長年にわたり、この美術館は数回にわたり改修が行われ、増え続ける美術コレクションを収蔵するために拡張されてきました。1989年に始まった「ヌオーヴィ・ウフィツィ(新ウフィツィ)」プロジェクトは、この継続的な拡張の一環であり、歴史的建築を保存しつつ、来館者の体験とセキュリティを向上させるために、近代化を図り、展示スペースや施設を増設することに重点を置いています。

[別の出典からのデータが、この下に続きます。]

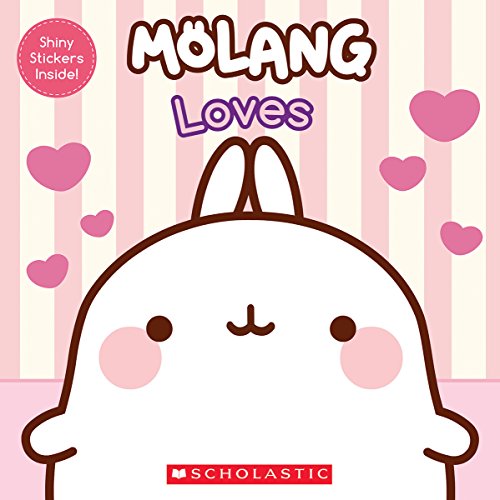 Stock image for Loves (Molang) for sale by BooksRun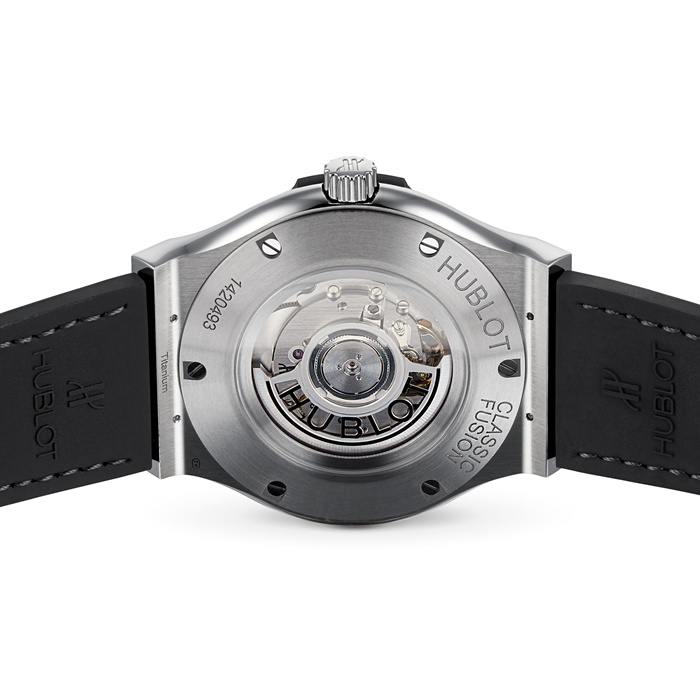 Hublot Classion Fusion Racing Gris Titane 45mm 511.NX.7071.LR – Image 4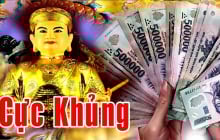 Rằm tháng 4 âm: 2 tuổi Bà Chúa Kho cho lộc, 2 tuổi Cát Tinh cho tiền đầy tay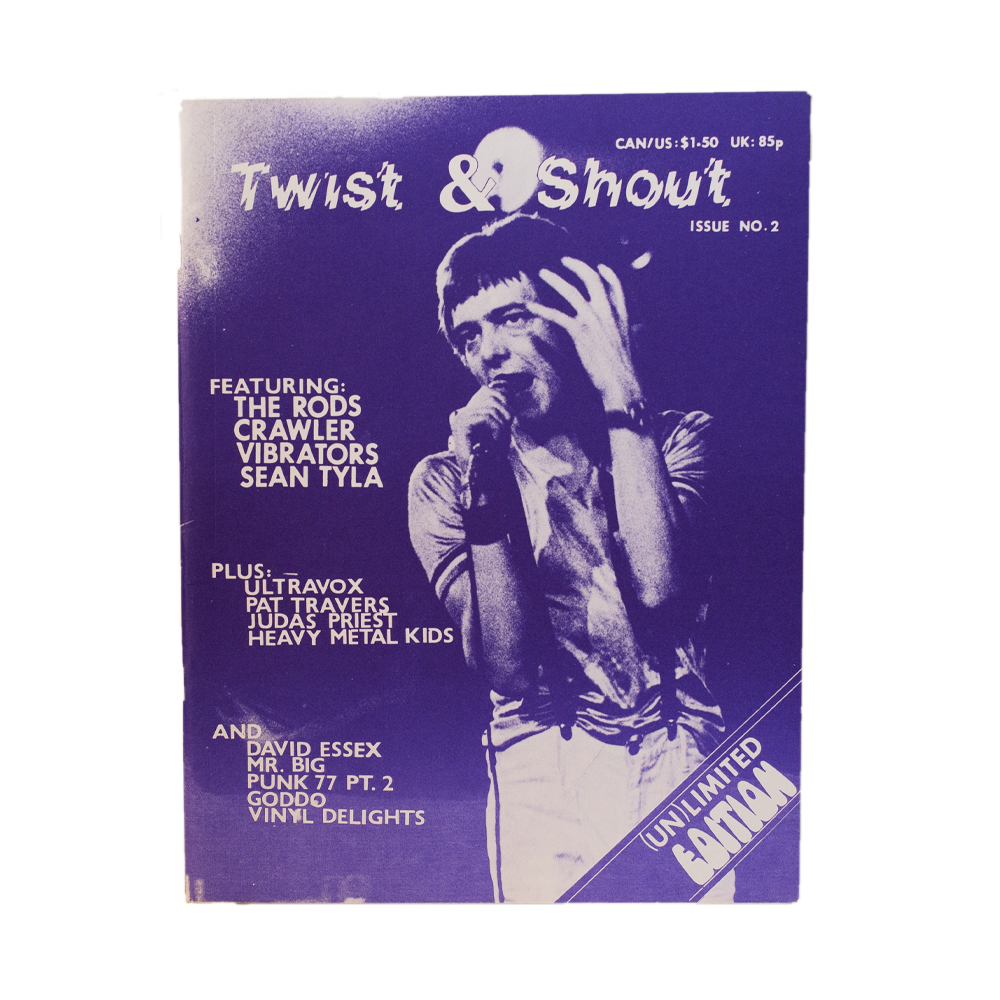 Twist & Shout -- #2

展示スペースが拡張され、以前はスペース不足のために通常展示されていなかった作品も、来館者が鑑賞できるようになりました。

ウフィツィ美術館の保全:襲撃と活動

ウフィツィ美術館は、所蔵美術品に対する脅威に直面してきました。その一例として、1993年にマフィアによる自動車爆弾テロが発生し、宮殿が損傷を受け、5人が死亡したほか、ニオベの間にある5点の美術品が破壊されました。 2022年と2024年には、気候変動活動家たちが化石燃料の使用や政府の無策に抗議するため、ボッティチェリの絵画を保護するガラスに自らを接着剤で貼り付けたが、美術品に被害はなかった。それ以来、同美術館は警備体制をさらに強化し、貴重な作品周辺の保護対策を徹底している。

人気のアートスポット

ルネッサンス芸術と歴史の重要な場所として、ウフィツィ美術館はフィレンツェとイタリアの文化遺産の中心となっている。2023年には約240万人が訪れ、世界で最も重要な美術館のひとつに数えられている。ミケランジェロ、レオナルド・ダ・ヴィンチ、ボッティチェリといった芸術家によるルネサンス絵画や傑作の世界的なコレクションは、世界中の人々を魅了し続けている。